Reputation: 363
I found that in Nodejs comparing two strings by comparing every char of them is faster than using the statement 'str1 === str2'. What is the reason for this? And in browsers, it's just opposite.
Here is the code that I had tried, the two long strings are equal.Node version is v8.11.3
function createConstantStr(len) {
let str = "";
for (let i = 0; i < len; i++) {
str += String.fromCharCode((i % 54) + 68);
}
return str;
}
let str = createConstantStr(1000000);
let str2 = createConstantStr(1000000);
console.time('equal')
console.log(str === str2);
console.timeEnd('equal')
console.time('equal by char')
let flag = true;
for (let i = 0; i < str.length; i++) {
if (str[i] !== str2[i]) {
flag = false;
break;
}
}
console.log(flag);
console.timeEnd('equal by char');
Upvotes: 14
Views: 841
Reputation: 21463
(credits to TheWild at irc://irc.freenode.net/##Javascript for figuring it out)

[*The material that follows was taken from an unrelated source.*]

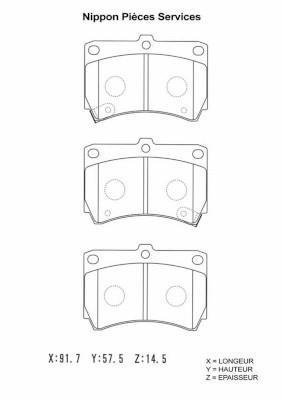 Jeu de 4 plaquettes de frein NIPPON PIECES SERVICES ref. M360A36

at least in Firefox and Chrome and Node, str and str2 is lazy-initialized, the actual createConstantStr() call is ran when the result is actually needed, not when you tell js to create it. if you change it to
let str = createConstantStr(1000000);
let str2 = createConstantStr(1000000);
console.log(str[10],str2[20]);
then the strings will be created in the console.log() call, and you'll get more sane results in your benchmarks, and ===
will indeed be faster. (much faster on my laptop, from 5ms by-char to <1 ms with ===)
original message:
i don't have an answer but i just want to add that i can reproduce it in firefox 60.6.3esr (64-bit), === is about 28-31 milliseconds and by char is about 3-6 milliseconds:
function test(){
let createConstantStr=function(len) {
let str = "";
for (let i = 0; i < len; i++) {
str += String.fromCharCode((i % 54) + 68);
}
return str;
};
let str = createConstantStr(1000000);
let str2 = createConstantStr(1000000);
console.time('equal')
console.log(str === str2);
console.timeEnd('equal')
console.time('equal by char')
let flag = true;
for (let i = 0; i < str.length; i++) {
if (str[i] !== str2[i]) {
flag = false;
break;
}
}
console.log(flag);
console.timeEnd('equal by char');
};
firefox results:
test();
equal: 28ms
equal by char: 6ms
undefined
test();
equal: 29ms
equal by char: 4ms
undefined
test();
equal: 29ms
equal by char: 3ms
undefined
test();
equal: 31ms
equal by char: 5ms
undefined
test();
equal: 28ms
equal by char: 4ms
undefined
and i can reproduce it in
Google Chrome 74.0.3729.131 (Official Build) (64-bit) (cohort: Stable)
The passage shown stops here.